De binnenvisserij op spiering valt onder de bepalingen in het Reglement voor de binnenvisserij 1985. Er kan door de Minister echter jaarlijks een vrijstelling worden verleend (art 65) voor:
- Vissen met de grote fuik en de schietfuik binnenvisserij ten behoeve van de vangst van spiering gedurende een periode die de Minister daartoe jaarlijks kan vaststellen, welke periode maximaal drie weken duurt en een aanvang neemt na 1 maart.
- Van 1 januari tot en met 30 april toestemming om te vissen met de grote fuik mits in het achterste deel van de fuik een netwerk, bestaande uit tenminste 80 mazen met een maaswijdte van tenminste 40 mm is aangebracht achter de laatste inkeling zodanig dat deze mazen in de te water staande fuik vierkant van vorm zijn en vis via deze mazen uit de fuik kan ontsnappen.
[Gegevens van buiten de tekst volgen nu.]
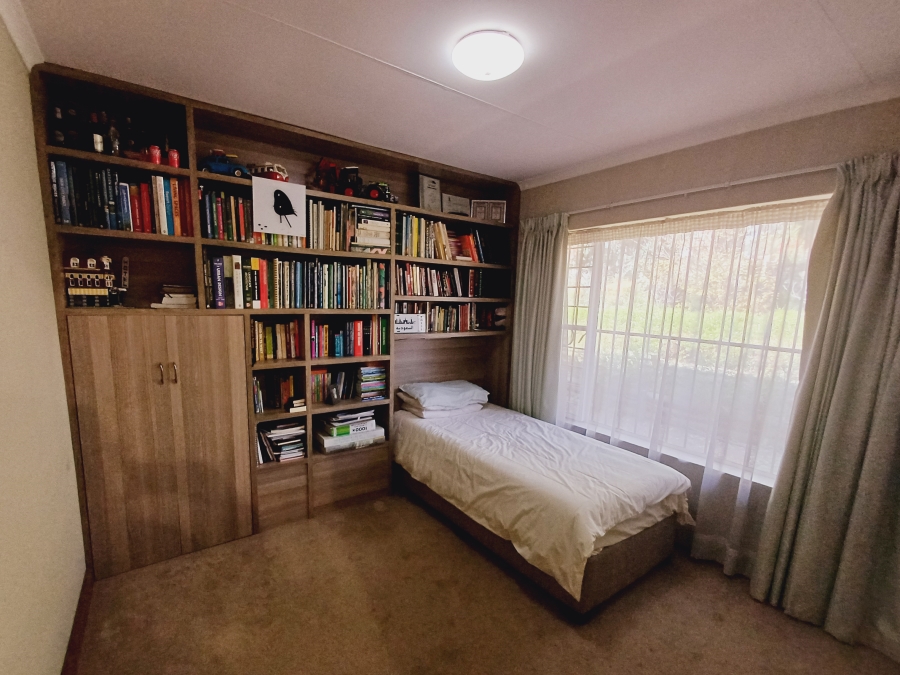3 Bedroom Property for Sale in Faerie Glen Gauteng
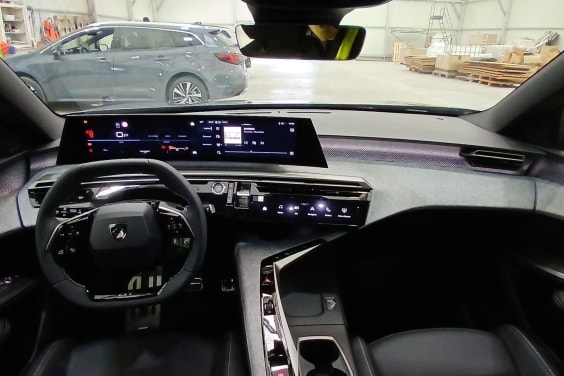 Peugeot 3008 Hybrid 136 e-DCS6 GT Gris Titane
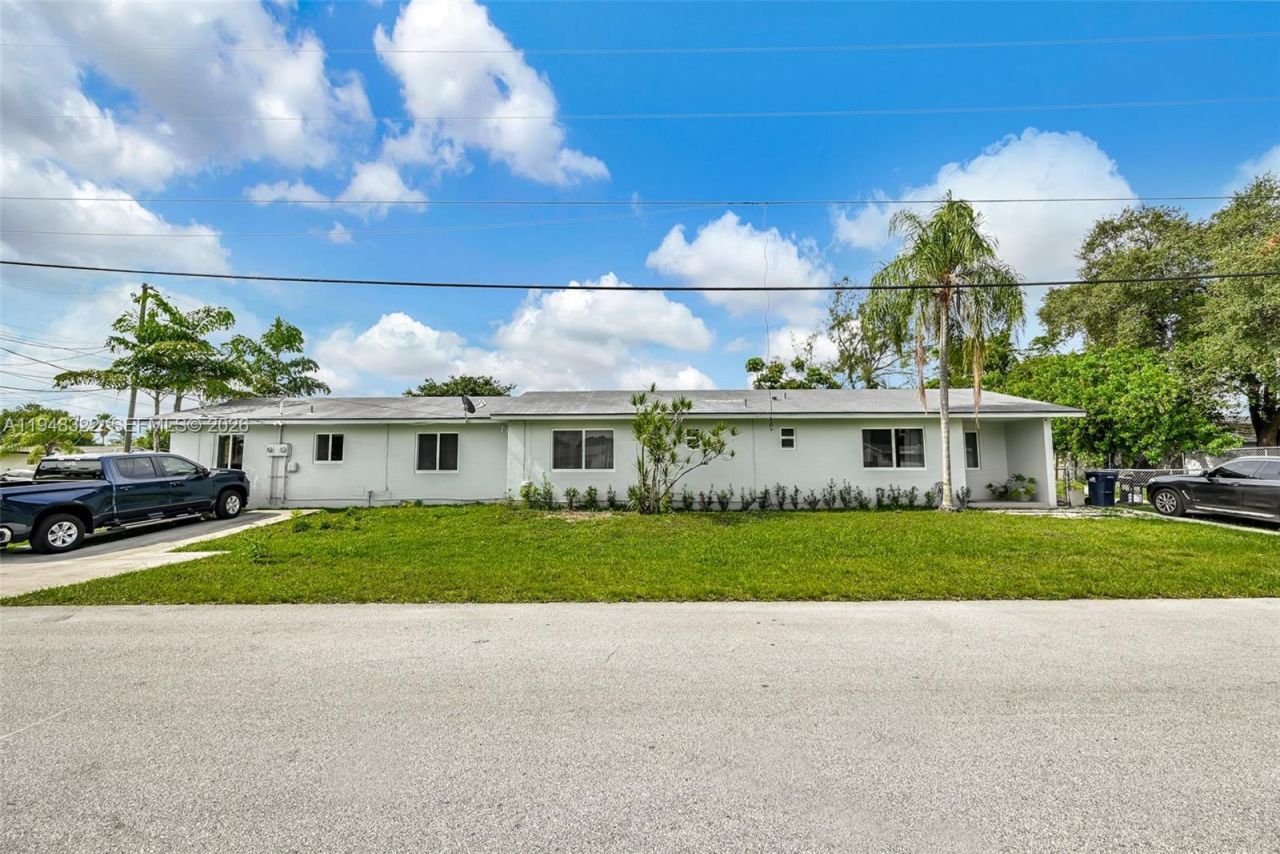 8780 SW 200th Ter, Cutler Bay, FL 33189 Photo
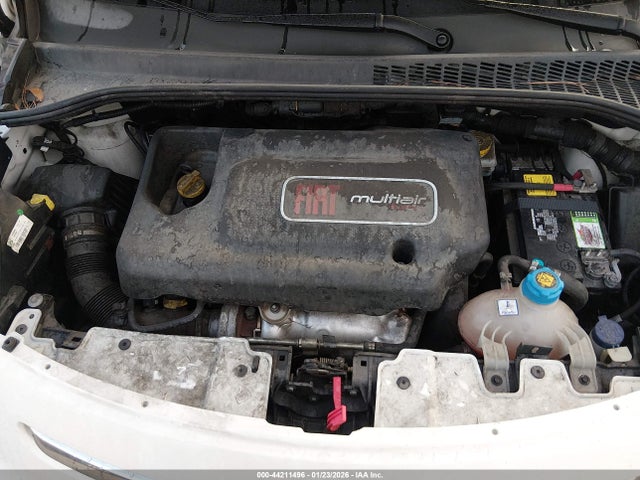 2014 FIAT 500L ZFBCFACHXEZ029059 Photo 9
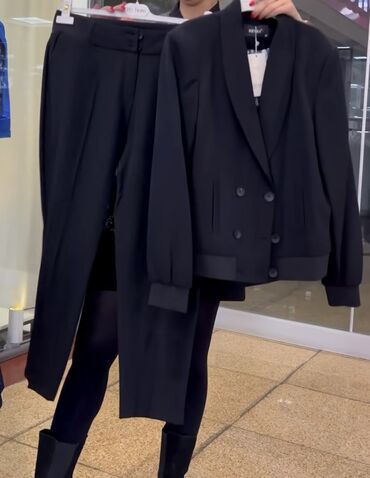 черный костюм мужской: Костюм новый с этикеткой 48-50 Турция. Покупала за 5000 отдам за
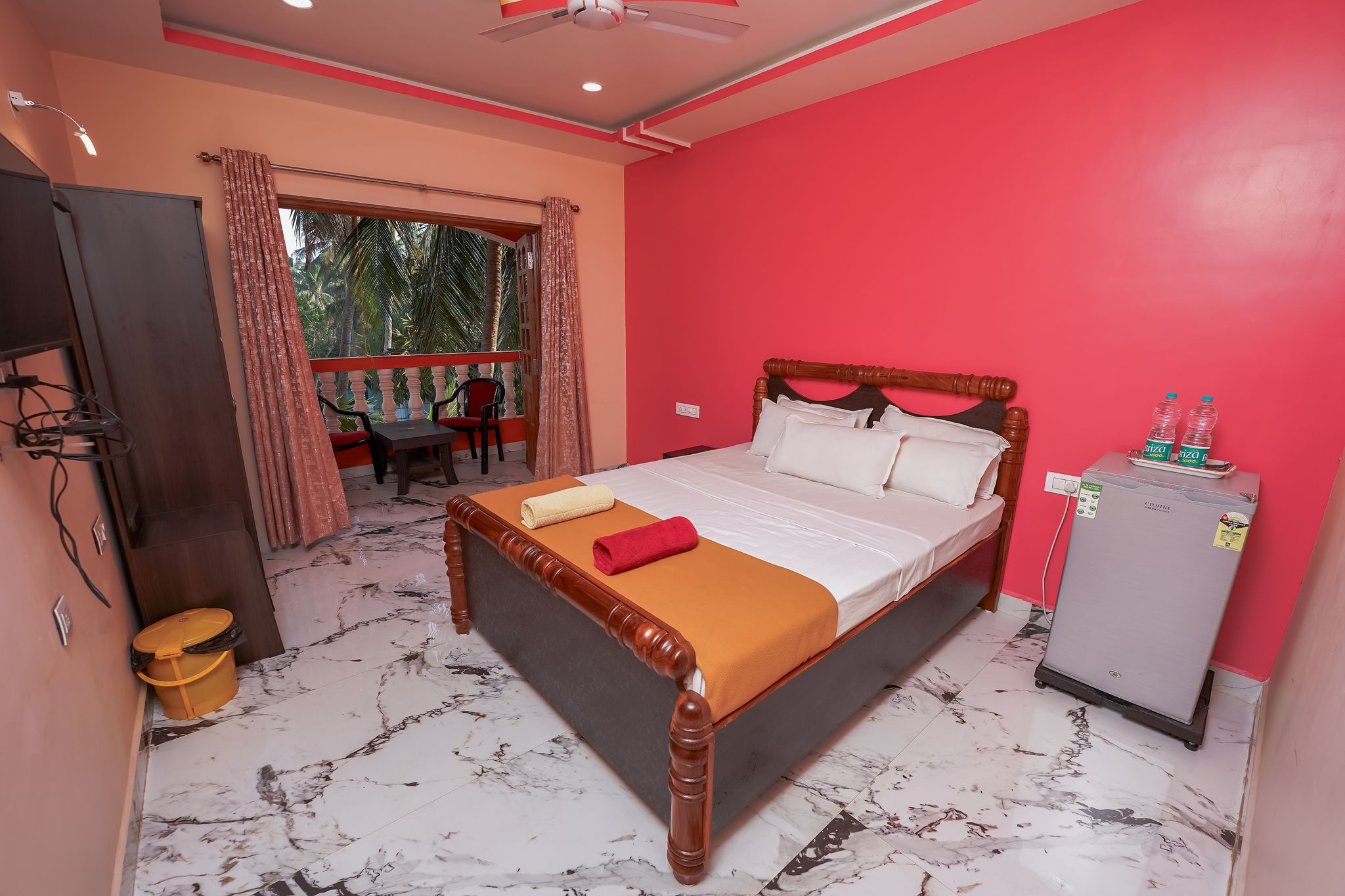 Casa Goana Holiday Inn Deluxe AC Room 5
IMARES heeft een advies uitgewerkt over de toepassing van het voorzorgprincipe in de spieringvisserij IJsselmeer/Markermeer (De Leeuw, 2007). Rondom de spieringvisserij in het IJsselmeer ontstond in 2012 veel discussie en werden procedures uitgevochten tot aan de Raad van State. De spiering in het IJsselmeer is voedsel voor (broedende) vogels, zoals visdieven op het eilandje De Kreupel. De spieringvisserij in IJsselmeer en Markermeer is (en blijft ook na vaststelling van het Beheerplan) vergunning plichtig onder de NB-wet.